Labour faced dissent over its handling of anti-Semitism after Jeremy Corbyn said “vile” abuse against an MP was unacceptable but the party defended the readmission of a previously-banned activist.
The party leader spoke out after shadow cabinet minister Luciana Berger was subjected to a volley of hate messages on Twitter after posting that she was attending a global anti-Semitism conference in Berlin.
Ms Berger - previously the subject of a 2014 campaign of abuse that led to one man being jailed - posted examples of the latest messages as “a reminder of why it’s necessary”. Mr Corbyn said: “The vile anti-Semitic abuse being directed at Luciana Berger is completely unacceptable.

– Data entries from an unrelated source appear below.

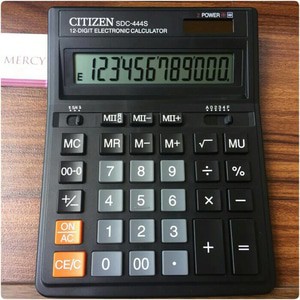 Alat Menghitung Kalkulator Dekstop CITIZEN SDC-444S 12 Digit Termurah.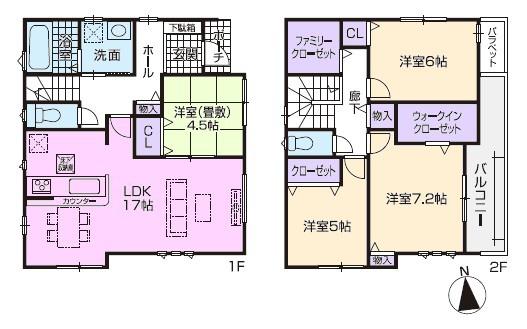 守山区鳥羽見新築分譲住宅　４号棟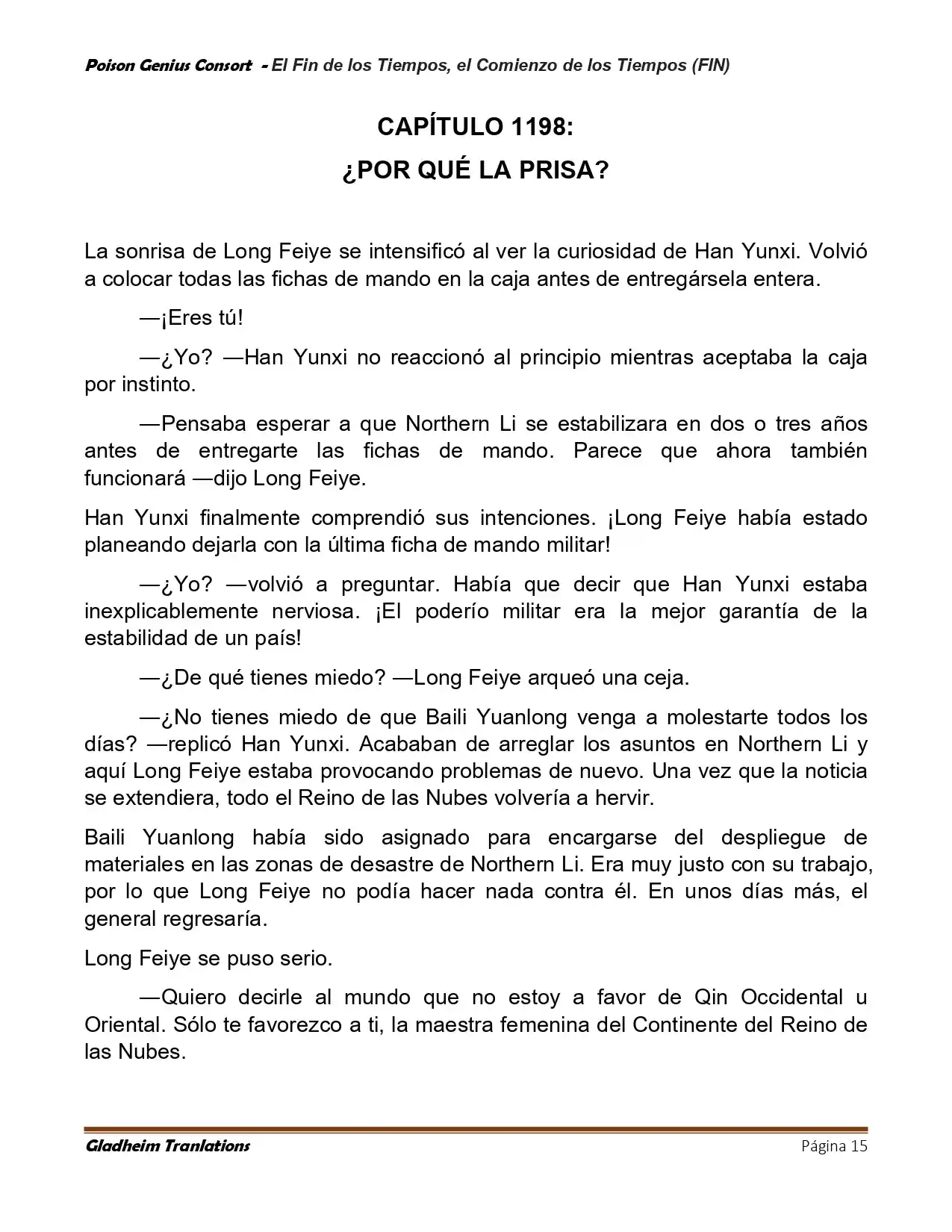 Poison Genious Consort (Novela) - Capítulo 433 - Página 15 - LectorTMOo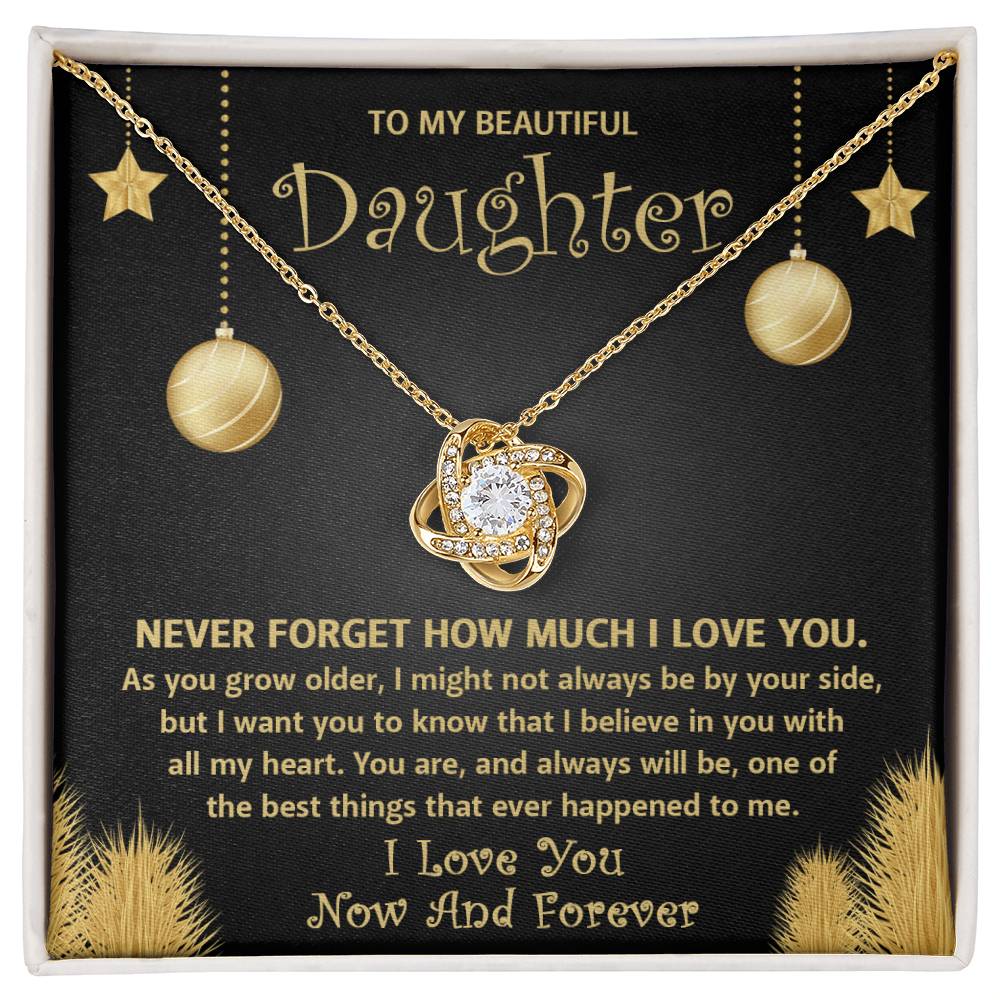 To My Daughter-The Best Thing-Personalized Necklace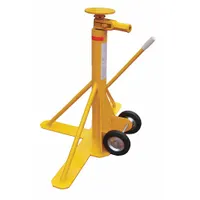 Trailer Stabilizing Jack: Ratchet, 40,000 lb Max Lifting Capacity, 39 in Min Lift Ht, Rectangle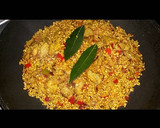 Foto del paso 1 de la receta: Arroz con cúrcuma y carne de cabezal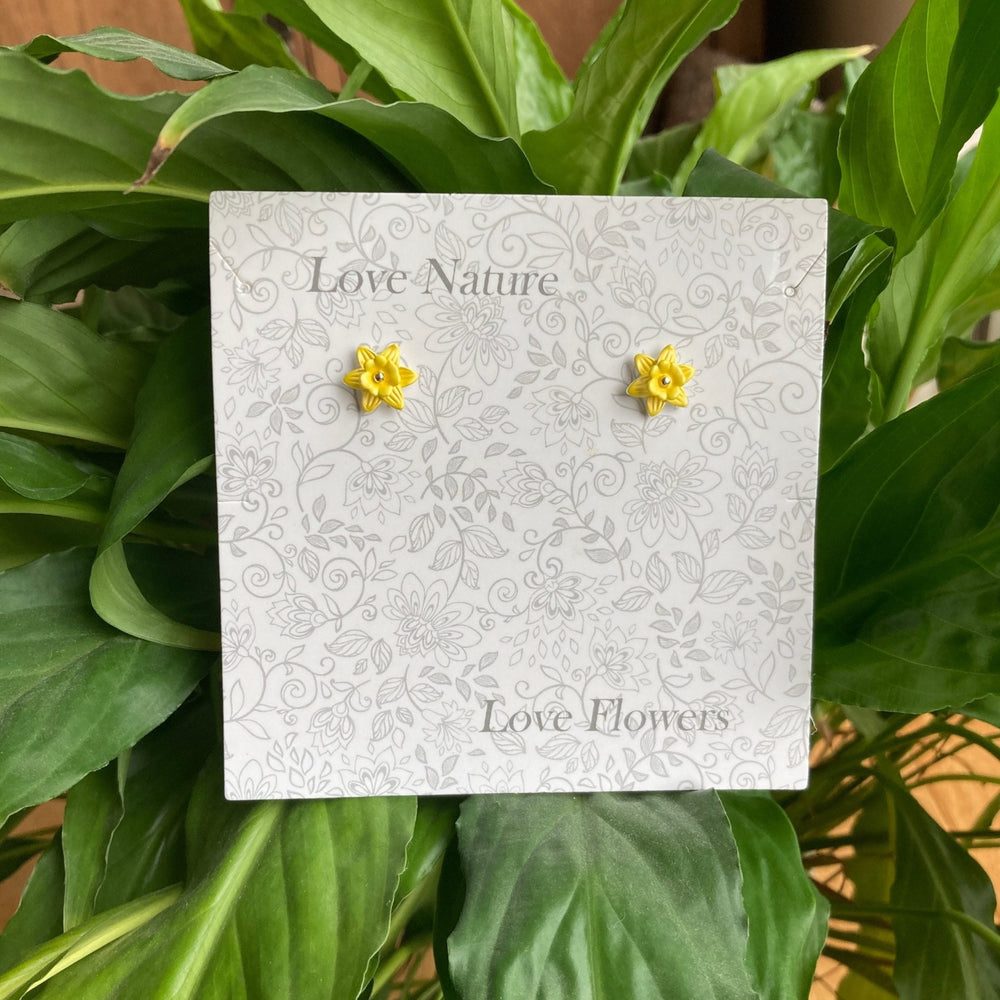 Daffodil Mini Stud Earrings - Birch & BrackenEARRINGS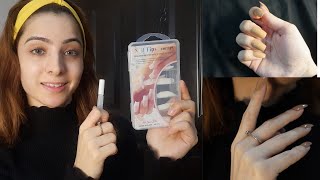 How to  Apply Fake Nails Like A Pro  Quick and Easy tips [upl. by Attezi553]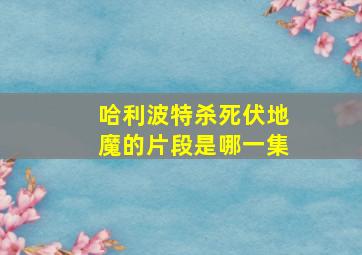 哈利波特杀死伏地魔的片段是哪一集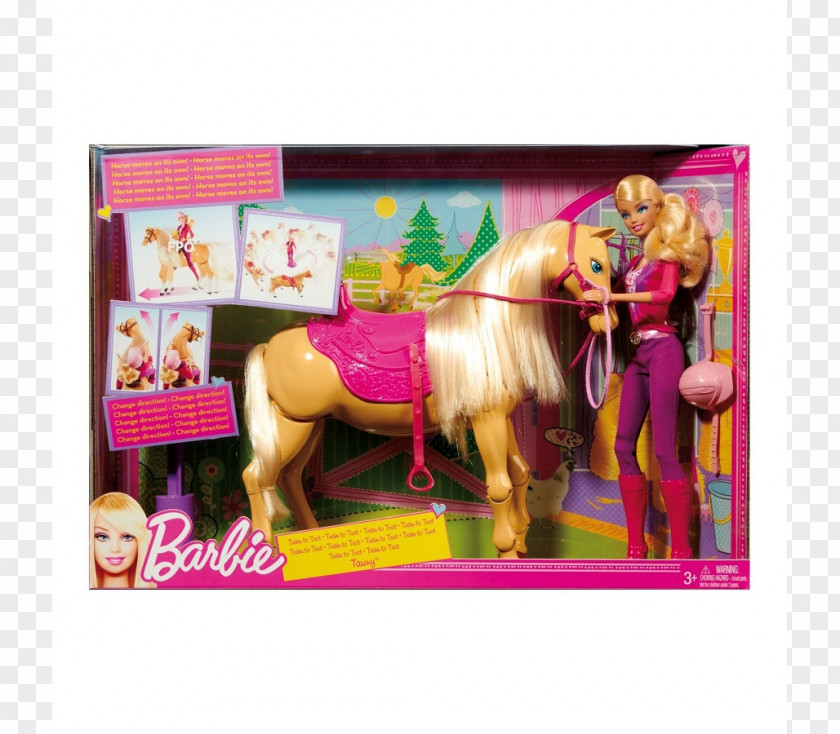 Barbie Doll Toy Mattel Horse PNG
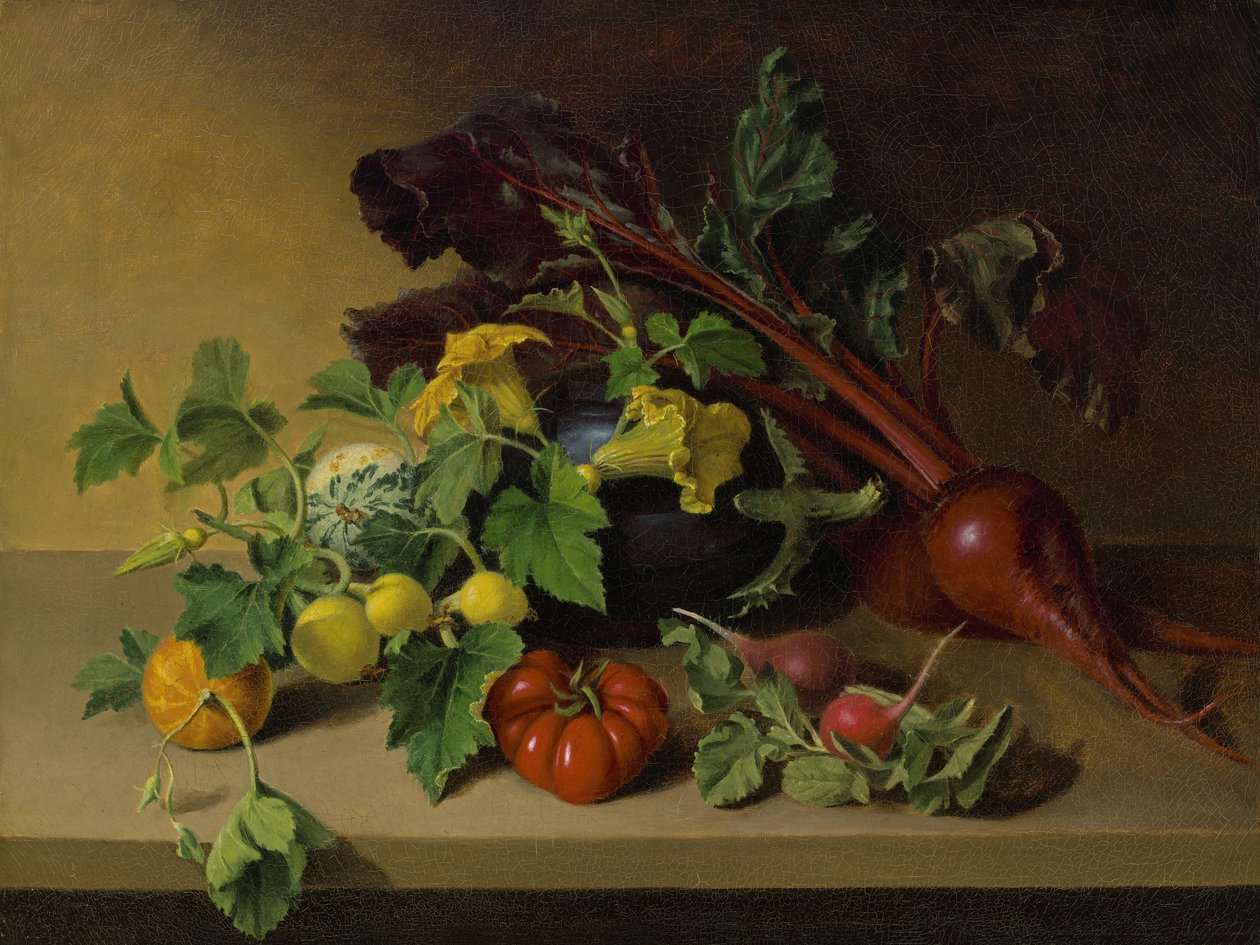 Nature morte avec légumes, 1826 - James the Elder Peale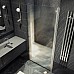 Душевая дверь Maybah Glass MGD-814-5 900x1980 на монопетле Хром матовый стекло сатиновое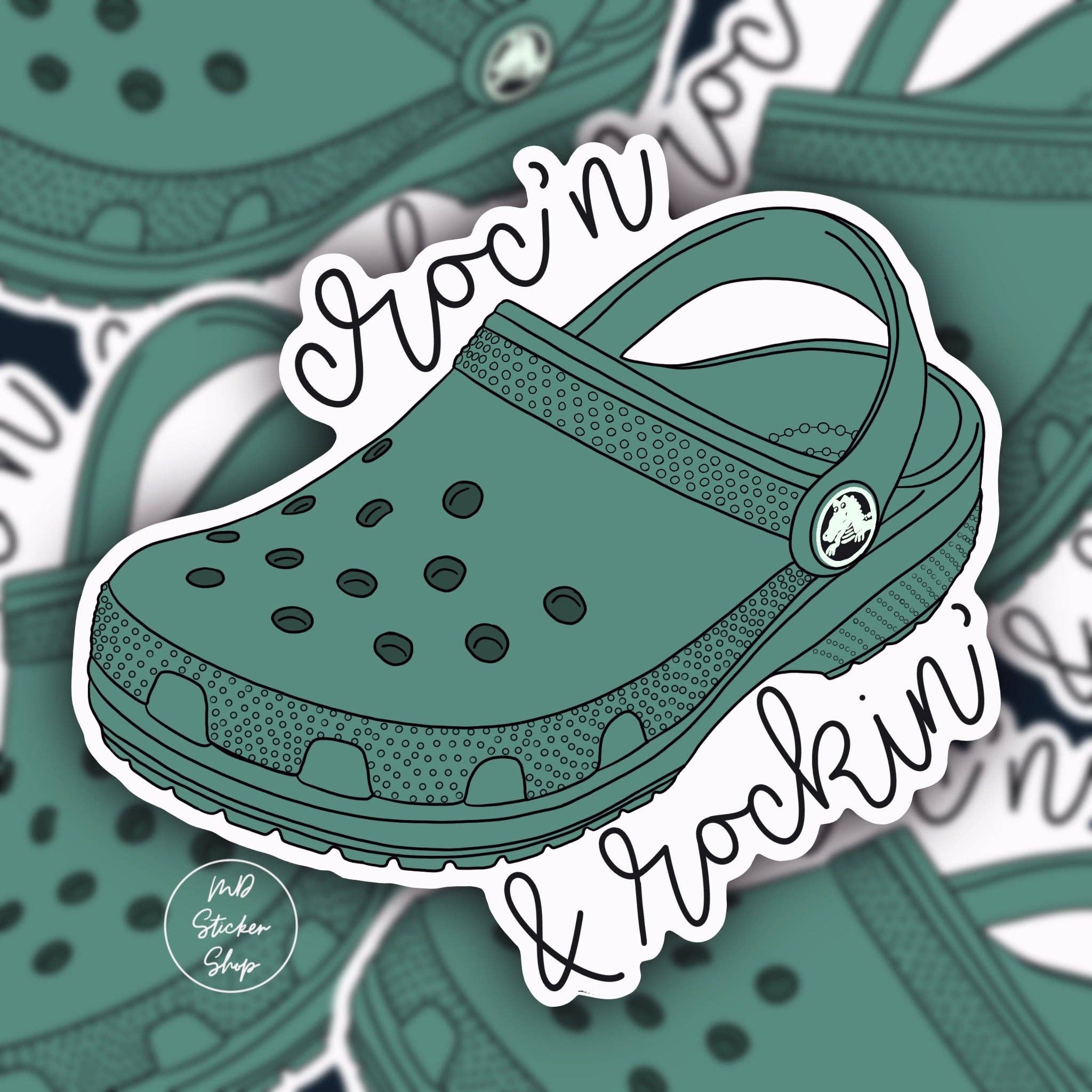 MDStickerShop – wholesale Klistermärke – Croc'n & Rockin' Crocs Vinyl klistermärke0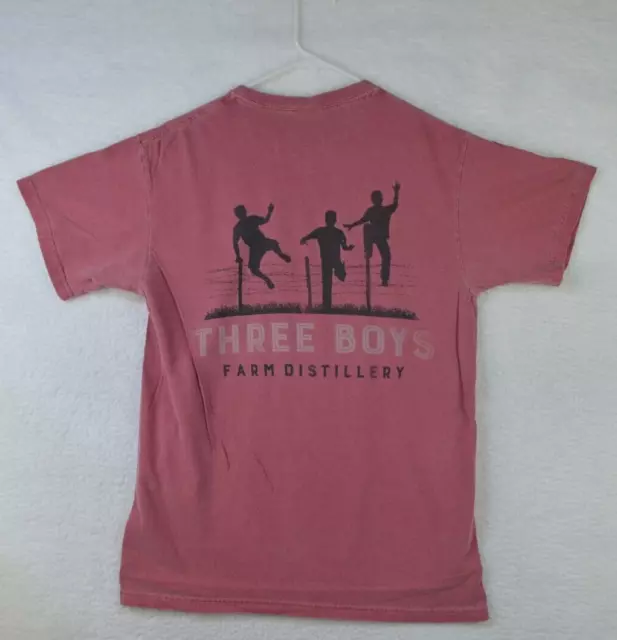 Three Boys Farm Distillery Whiskey Thief Shirt Mens Medium Red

It has no place in our society.”
MP Wes Streeting questioned how that fitted with re-admittance to the party of Vicki Kirby, who was suspended in 2014 when she was the party’s parliamentary candidate for Woking over social media posts.
They included a tirade which described Israel as “evil” and one suggesting Hitler might be the “Zionist God”. The Guido Fawkes website revealed however that she was recently elected the local party’s vice-chair after being readmitted following the offence.
A Labour spokeswoman said: “Following her resignation as a parliamentary candidate she received a warning from the NEC on her future conduct and the suspension was then lifted. If new evidence comes to light, the Labour Party will review that evidence and make sure the rules of the party are upheld.”
A spokesman for Mr Corbyn said: “A decision was taken in 2014 to warn her but leave her in membership. Jeremy Corbyn has no involvement in the process.”